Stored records
========

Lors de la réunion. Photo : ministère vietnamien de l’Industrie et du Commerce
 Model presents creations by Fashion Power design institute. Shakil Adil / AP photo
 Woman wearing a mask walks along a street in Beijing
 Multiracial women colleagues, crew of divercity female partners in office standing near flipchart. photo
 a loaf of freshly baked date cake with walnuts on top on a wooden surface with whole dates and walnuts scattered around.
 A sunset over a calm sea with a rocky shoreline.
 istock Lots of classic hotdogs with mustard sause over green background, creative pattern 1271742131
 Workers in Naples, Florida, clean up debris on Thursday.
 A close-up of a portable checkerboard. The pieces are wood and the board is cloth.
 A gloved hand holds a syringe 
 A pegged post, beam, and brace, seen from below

========

### Problem requirements
Here the answer is the exact run of lines above, from the line with "A close-up of" down to the last, and nothing else.

### Written answer
 A close-up of a portable checkerboard. The pieces are wood and the board is cloth.
 A gloved hand holds a syringe 
 A pegged post, beam, and brace, seen from below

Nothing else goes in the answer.